In August, Hagler said he told Nixon during the Missouri State Fair he was ready to leave as director, having accomplished his professional goals. He also mentioned to the governor that it was going to be personally awkward to remain in office, as he was separated from his wife, state Rep. Linda Black, D-Desloge, who sits on House committees that shape agriculture policy and the department's budget.
Their divorce became final Oct. 7.
Hagler said officials from Northwest Missouri State University had approached him in early October about interviewing for a job. He said he told Nixon's staff Oct. 8 the interview likely would be made public and it was probably time to find a new agriculture director. On the same day, Hagler flew to Wyoming for an agriculture conference.
When he returned the evening of Oct. 10, Hagler said he got a message from Nixon's office, telling him the governor was replacing him the next day.
That same evening, Hagler said he learned that Beth Ewers, the agency's associate director of meat and poultry inspection, had resigned and distributed a letter to department employees and others outside the agency. Ewers wrote that she was tired of "working in an environment of hostility, disrespect, intimidation and fear."
"It's just really unfortunate timing for those two situations," Hagler said.
It's unclear whether Nixon was aware of Ewers' letter, but the governor has denied that allegations of a hostile workplace led to Hagler's replacement.
Additional allegations of intimidation by Hagler surfaced this past week when leaders of the Missouri Cattlemen's Association told the AP that Hagler was incensed by a critical magazine article in April and had called multiple association officials profanely threatening to beat up the group's chief executive.
"That actually has some elements of truth," Hagler told the AP, noting he'd apologized for his actions. "That was way too Old Testament. That's not representative of me and should not have been said.
"However, it was 100 percent hyperbole -- maybe I saw too many westerns that week," he said.
Because of the public allegations, Hagler said he decided not to pursue the university job and started work Friday at a Missouri company where he is "advising them on some international stuff." He declined to identify the company.

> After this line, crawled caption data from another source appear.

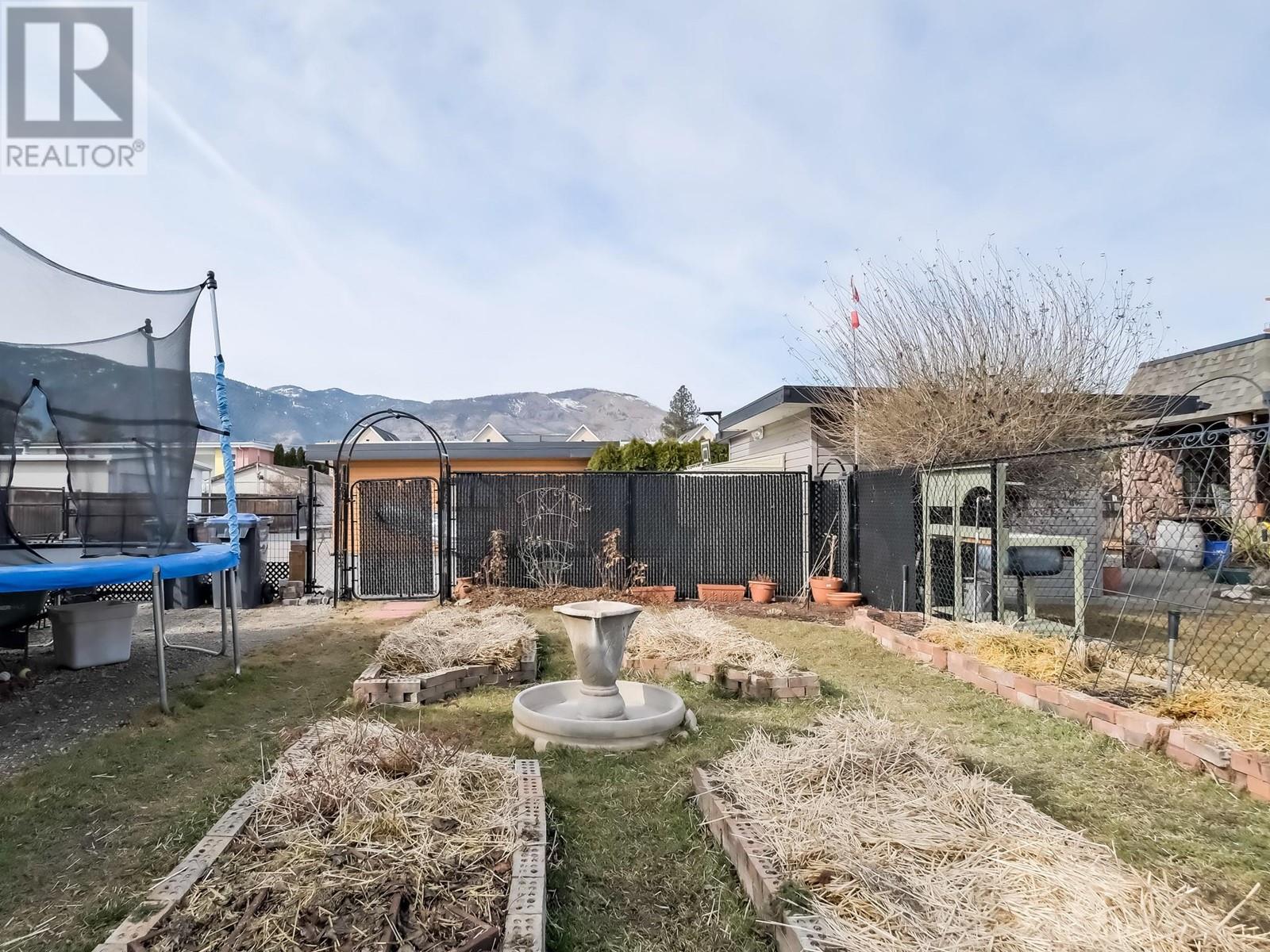 210 Yorkton Avenue, Penticton, British Columbia  V2A 3V2 - Photo 36 - 10337942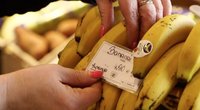 Už kilogramą bananų turguje prašo jau ir 5 eurų: specialistai įspėja – maistas dar labiau brangs (nuotr. stop kadras)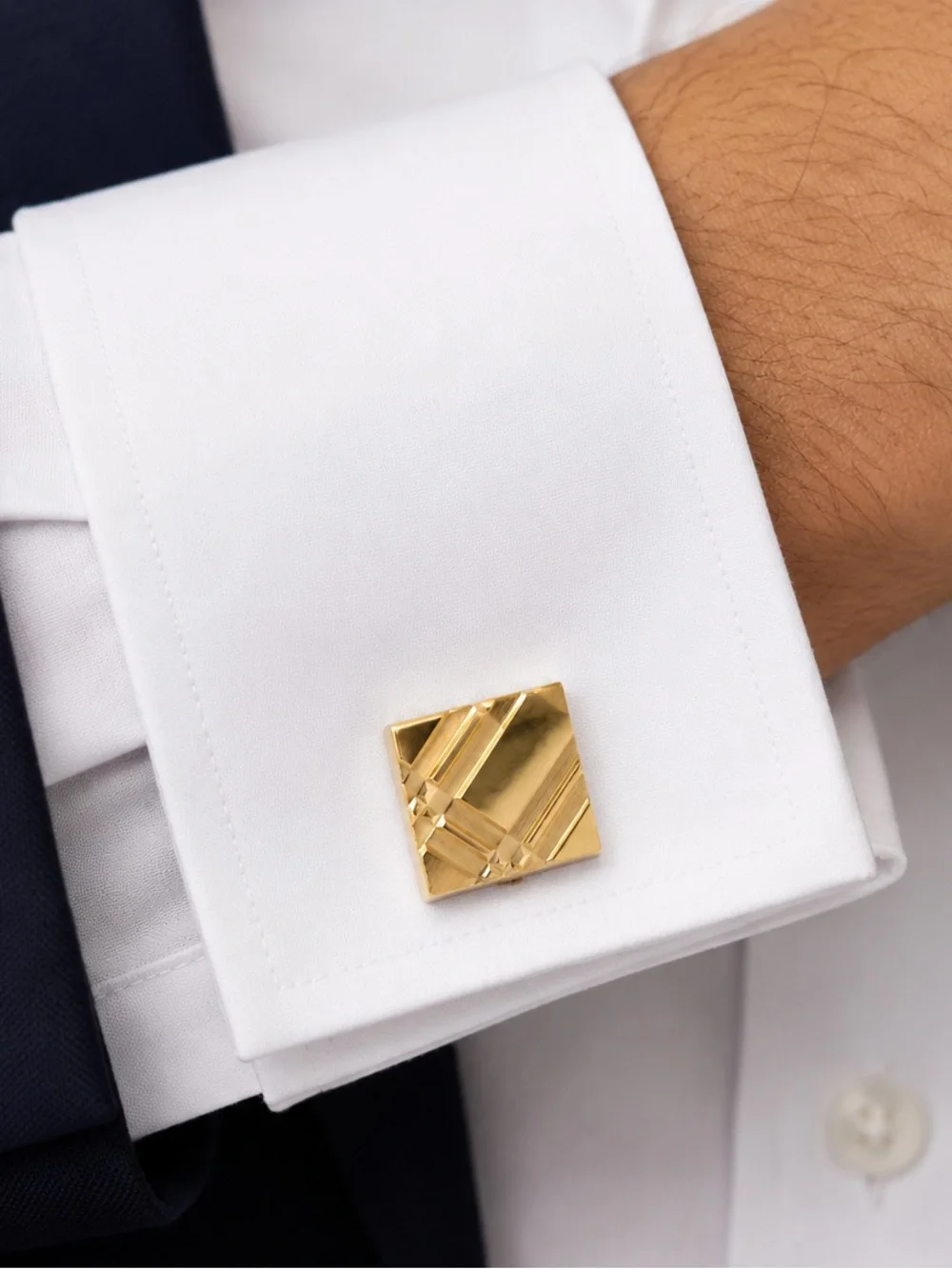 Gold diagonal striped cufflinks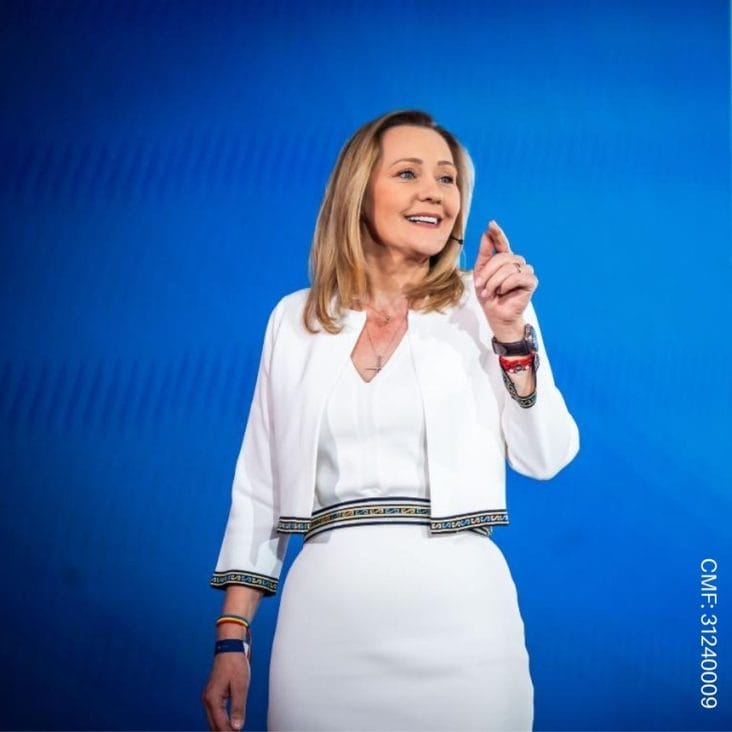 Știri de azi | Elena Lasconi: Vreau să mă refer la cei care sunt dependenţi de Tik-Tok şi l-au votat pe Mesia Georgescu/ Dacă tot vreţi să reveniţi la industria calului, de ce nu renunţaţi la smartphone-uri şi folosiţi telefonul cu fir sau cu centralistă - Știri de azi | 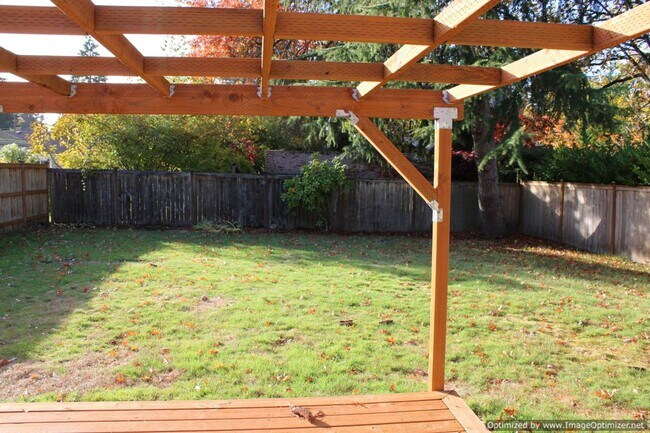 Building Photo - Bright Updated -2 bedroom 2 bath Duplex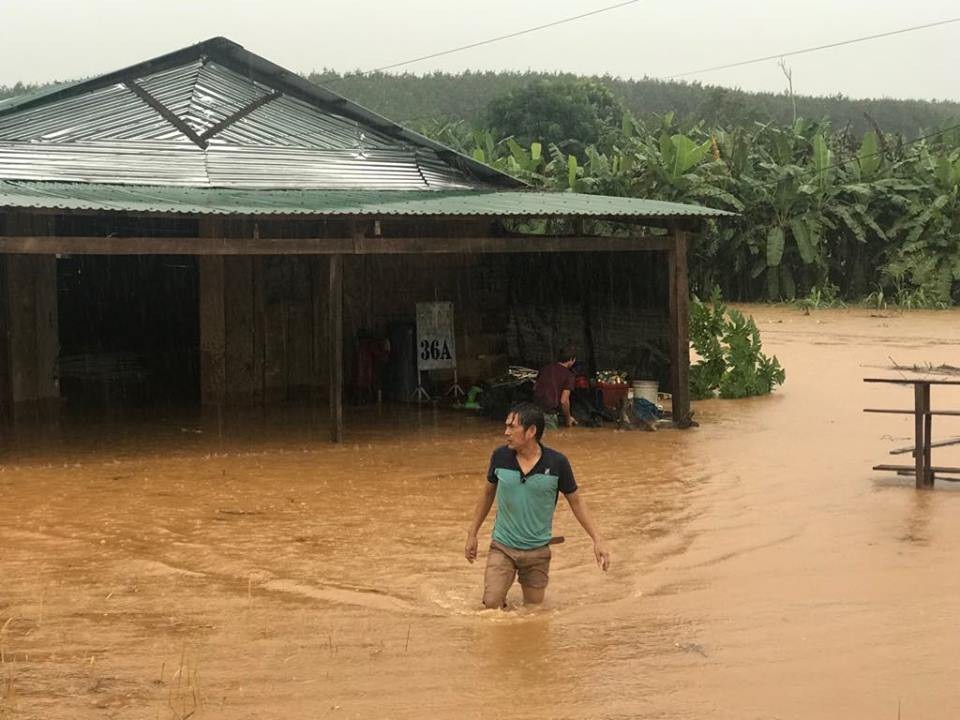 Lũ lớn quét qua, nước dâng cao hàng mét, nhiều người dân trắng tay - 4 Mưa lũ đến bất ngờ khiến người dân không kịp sơ tán đồ nên bị lũ cuốn trôi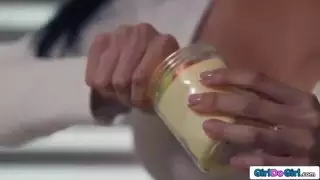 فيديو صريح: الرجل الممتلئ يداعب ويمص الثديين الضخمين للذروة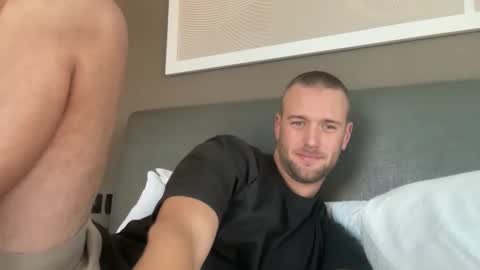 Courtney online show from 06-06-26, 03:11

Hagler remained on the state payroll until this past Thursday, which is why he said he waited to address the allegations, so as not to violate rules against talking to the press. He also showed the AP several emails and texts from Agriculture Department employees thanking him for his work at the agency.
"I did the best job I could," said Hagler, later adding: "What I'd like to do is just return to private life ... go away, give the department a little peace."